The Horror of HDR (1)“What made me sick was the texture”

The 2014 UK National category in the Sony World Picture Awards was won by Sean Batten for his photograph of the interior of Canary Wharf underground station designed by Norman Foster. The station is empty and the picture is called The Calm Before the Storm, presumably because it is about to be full of people.

The composition is banal, simply a central point looking up the escalators, the lens being wide enough to take in the primary features of the roof. It could well serve as a picture taken as publicity material for Foster Associates. It made me feel sick.

What made me sick was the texture. It looks like an oil slick, a kind of greasiness about the way the light falls. This suffuses the entire picture in such a way that what is, in reality, a large airy space becomes clogged. One feel suffocated, as if the very air had turned to oil.

The photo is a composition of three bracketed shots – each is taken at a slightly different exposure. It is an example of High Dynamic Range (HDR) photography. This is the current Big Thing in snappery – especially amateur. It is also the most controversial. Google ‘I hate HDR’ and you will come upon a tirade of abuse, claiming it is ugly, unrealistic and, above all, a cheap way of drawing attention to – and sometimes selling – a picture.

You will also come across many fierce defenders of HDR. Why, these people ask, should we not be able to do anything we like to a picture? And surely HDR is doing nothing more than compensating for the limitations of our technology and – important point here – our eyes.

Neither film nor digital sensors can match the human eye’s ability to balance different light levels. If you look at a landscape your eye will compensate for the bright sky and the darker land. The camera, however, will tend to expose for one or the other. If the dynamic range exceeds the capabilities of the sensor or film then either the sky will be bleached out or the land blackened – the information will be lost. Almost since the beginning of photography in the nineteenth century, there have been efforts to overcome this problem – multiple exposures, graduated filters and, in the dark room, dodge and burn. (Dodging means reducing the exposure on some parts of the print; burning means increasing it.)
In contemporary digital photography software automates the process. It can now even be done on phone cameras with a little trickery, but the classy way of doing it is with multiple frames, each taken with a slightly different exposure setting, on a proper camera and then combining
them into one shot. So HDR digital just provides an easy way of  doing something that we did anyway. What could be wrong with that?

Nothing, in principle. The craftsmen dodging and burning in their dark rooms were aiming at realism. This does not – cannot – mean capturing reality but rather what the human eye sees. To achieve this capturing more of the dynamic range of a picture seems reasonable enough.

But it is important to be aware that it will always end in failure, as will all attempts to transform what we see into a still, two-dimensional image. What the human eye sees is intimately bound up with how it sees and this involves constant movements – known as saccades – very rapid refocusing and subtle adjustments for light variations. It also involves the vagaries of psychology – mood, attitude and so on. The human eye, in short, always shoots movies – drama and emotion included.

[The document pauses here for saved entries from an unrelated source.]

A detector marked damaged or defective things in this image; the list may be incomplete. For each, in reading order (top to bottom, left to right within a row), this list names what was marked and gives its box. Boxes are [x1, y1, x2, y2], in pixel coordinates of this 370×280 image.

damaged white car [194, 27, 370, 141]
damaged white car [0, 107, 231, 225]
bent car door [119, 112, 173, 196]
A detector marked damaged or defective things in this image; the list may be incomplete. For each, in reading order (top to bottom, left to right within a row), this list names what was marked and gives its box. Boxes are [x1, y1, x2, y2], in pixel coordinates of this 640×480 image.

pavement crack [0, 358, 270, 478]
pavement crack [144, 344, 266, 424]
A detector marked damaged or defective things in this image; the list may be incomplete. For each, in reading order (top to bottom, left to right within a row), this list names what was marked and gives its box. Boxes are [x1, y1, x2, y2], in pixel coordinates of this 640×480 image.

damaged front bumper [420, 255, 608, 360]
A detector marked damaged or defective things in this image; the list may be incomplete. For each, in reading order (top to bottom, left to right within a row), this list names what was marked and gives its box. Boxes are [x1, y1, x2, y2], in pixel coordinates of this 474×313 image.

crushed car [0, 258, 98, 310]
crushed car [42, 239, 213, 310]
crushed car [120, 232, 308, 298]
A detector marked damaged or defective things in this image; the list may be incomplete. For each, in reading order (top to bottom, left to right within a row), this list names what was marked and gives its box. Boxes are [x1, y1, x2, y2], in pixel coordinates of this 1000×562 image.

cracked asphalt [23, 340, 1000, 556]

To take a photograph, therefore, is not an act of realism, however you choose to define it, but a distillation. This is why the great artist Garry Winogrand was speaking the most elemental truth about his art when hesaid, “Photography is not about the thing photographed. It is about how that thing looks photographed.”

Some would say that could justify any degree of image manipulation. This would be a misinterpretation because the important words in the quote are “the thing”. As his work proves, Winogrand was not suggesting cutting the picture loose from what is pictured, he was expressing an understanding of the complex interaction between the photograph and “the thing” that has been photographed. This interaction is a movement, a dynamic, that brings the still picture into the emotional and mobile world of human seeing. A photograph of a tea cup is both a tea cup and not a tea cup and we move back and forth between the two interpretations. This is photography.

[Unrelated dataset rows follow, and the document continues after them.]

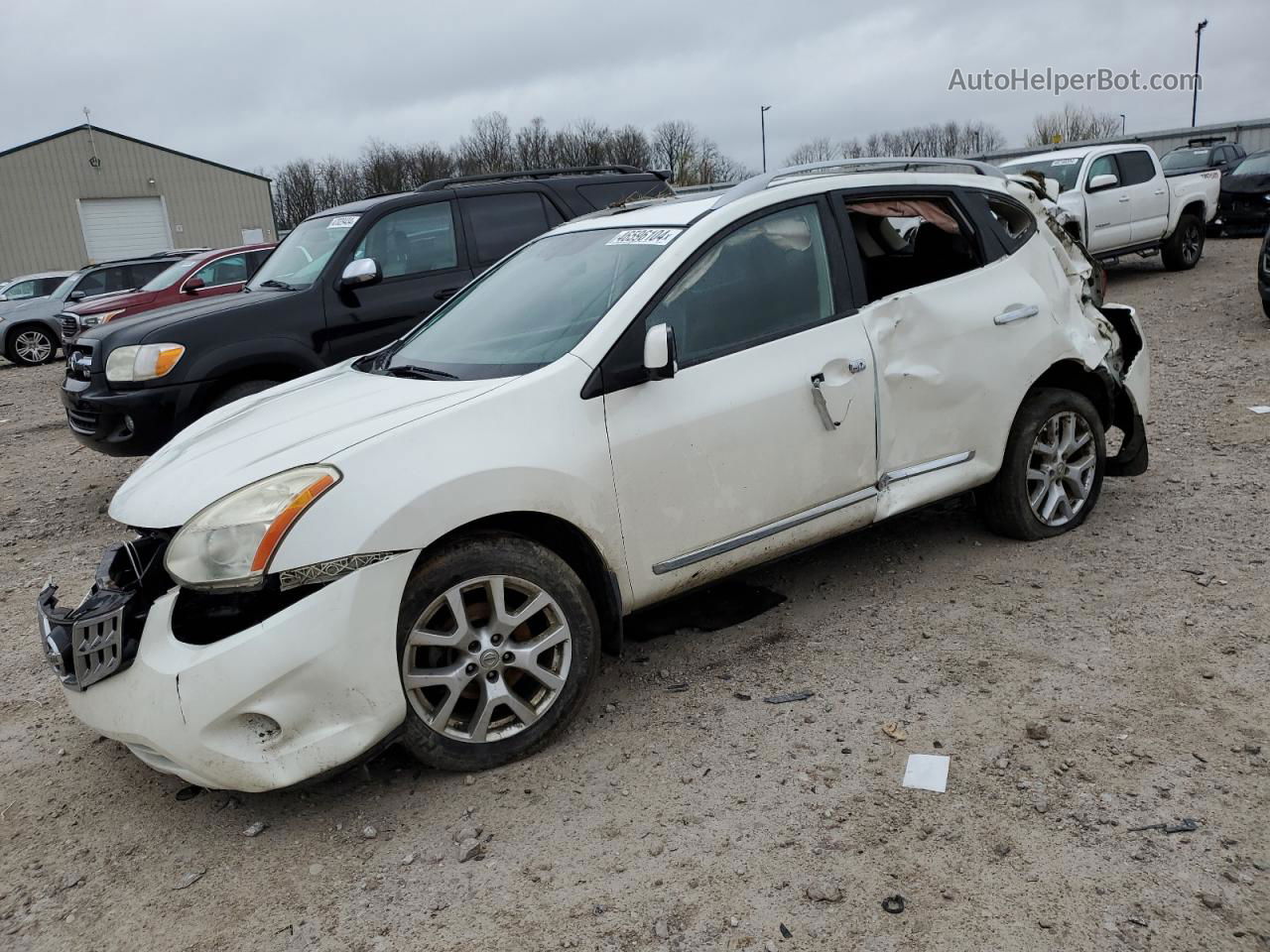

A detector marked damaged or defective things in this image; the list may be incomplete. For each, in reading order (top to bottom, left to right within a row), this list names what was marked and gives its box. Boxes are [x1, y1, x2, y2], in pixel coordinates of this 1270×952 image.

broken window [841, 191, 984, 299]
cracked headlight [165, 466, 341, 591]
damaged white suv [37, 160, 1151, 793]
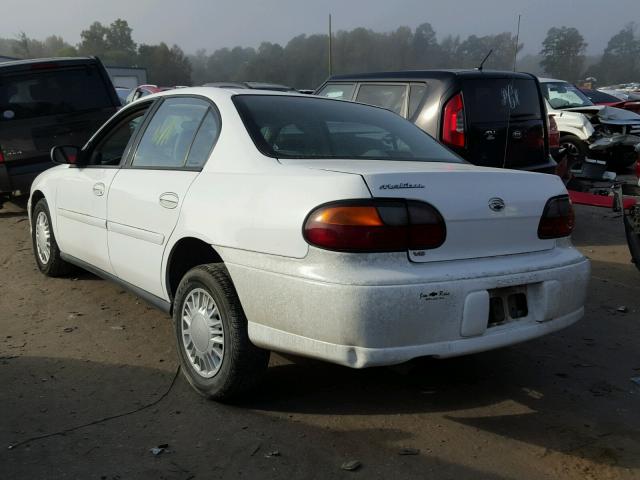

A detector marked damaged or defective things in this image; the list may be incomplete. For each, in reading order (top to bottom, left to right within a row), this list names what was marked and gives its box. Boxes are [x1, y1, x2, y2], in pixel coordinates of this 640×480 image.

damaged car [540, 78, 640, 170]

It is also painting. This is important because photography is often claimed to be a distinct art, separate from the making and history of all other visual arts. It isn’t, it can’t be, no matter how hard we try to be radical and new. Take composition, perhaps the most basic and necessary skill in photography. Apart from helpful concepts like the rule of thirds or the golden section, which seldom work very well anyway, composition is almost impossible to teach. You’ve either got it or you haven’t and, if you have got it, the chances are that’s because you’ve spent a lifetime looking at – and being moved by – pictures. This applies to all aspects of  picture making. You don’t have to think about them every time you press the shutter because if you have absorbed them you will be unable NOT to think about them.

This is to say that in making art you are not free and you shouldn’t want to be. Complete freedom in self-expression would be useless, destructive and incomprehensible – like Luis Suarez biting a defender. This is because you communicate with audiences by starting from something you both know and ending with something you have both just discovered.

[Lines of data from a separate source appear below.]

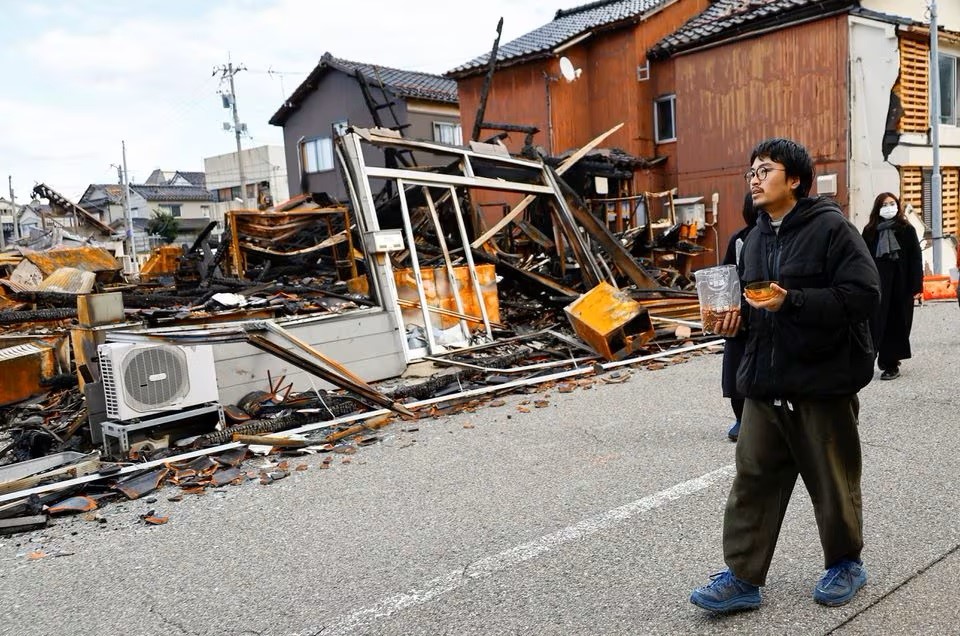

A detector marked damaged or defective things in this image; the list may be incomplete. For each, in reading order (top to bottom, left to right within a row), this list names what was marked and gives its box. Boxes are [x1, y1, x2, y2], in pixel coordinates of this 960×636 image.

damaged roof [450, 0, 676, 77]
damaged roof [644, 0, 856, 59]
damaged roof [272, 52, 460, 128]
rusty metal wall [672, 17, 852, 260]
burned rubble [0, 123, 720, 540]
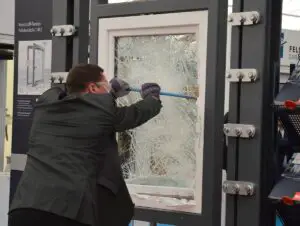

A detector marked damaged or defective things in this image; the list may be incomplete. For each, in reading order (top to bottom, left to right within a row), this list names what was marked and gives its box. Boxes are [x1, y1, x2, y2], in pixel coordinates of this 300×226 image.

shattered pane [115, 33, 202, 212]
broken glass [115, 33, 202, 212]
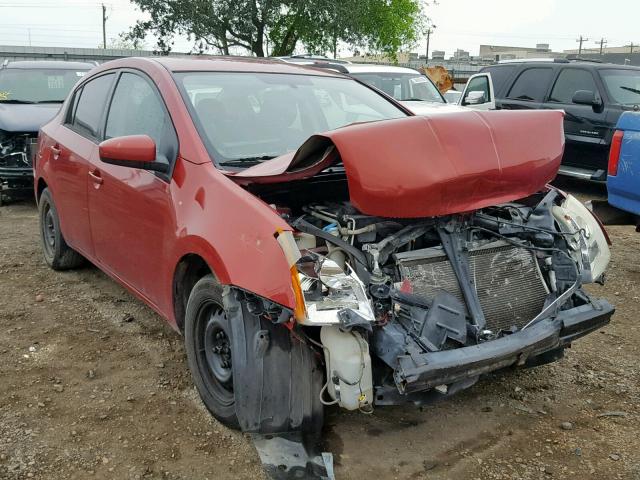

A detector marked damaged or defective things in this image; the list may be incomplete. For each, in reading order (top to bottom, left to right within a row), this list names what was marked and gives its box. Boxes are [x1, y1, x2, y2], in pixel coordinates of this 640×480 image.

crushed front end [0, 130, 37, 202]
crumpled hood [0, 103, 60, 132]
crumpled hood [231, 110, 564, 218]
wrecked red sedan [35, 57, 616, 472]
crushed front end [272, 188, 612, 408]
damaged radiator [396, 242, 552, 332]
broken headlight assembly [552, 193, 612, 284]
damaged bumper [392, 300, 612, 394]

Somebody will make the point that, in the Twentieth century, previous artistic traditions and culture crashed into the brick wall of modernism and everything changed. We learned the distortions of Picasso and, later, the dripped paint of Jackson Pollock as well as the shark of Damien Hirst and the bed of Tracey Emin. Surely these unleashed a wave of real creative freedom. Not really. All these things were commentaries on the traditions of – primarily Western – representation. Like all additions tothat tradition, they were just original enough to add something new but not so original that they were incoherent. If they were then they would simply fade with the passage of time. Imagine Emin exhibiting her bed in the 18th century. It would have been meaningless. It is only meaningful now because the 18th, 19th and 20th centuries happened.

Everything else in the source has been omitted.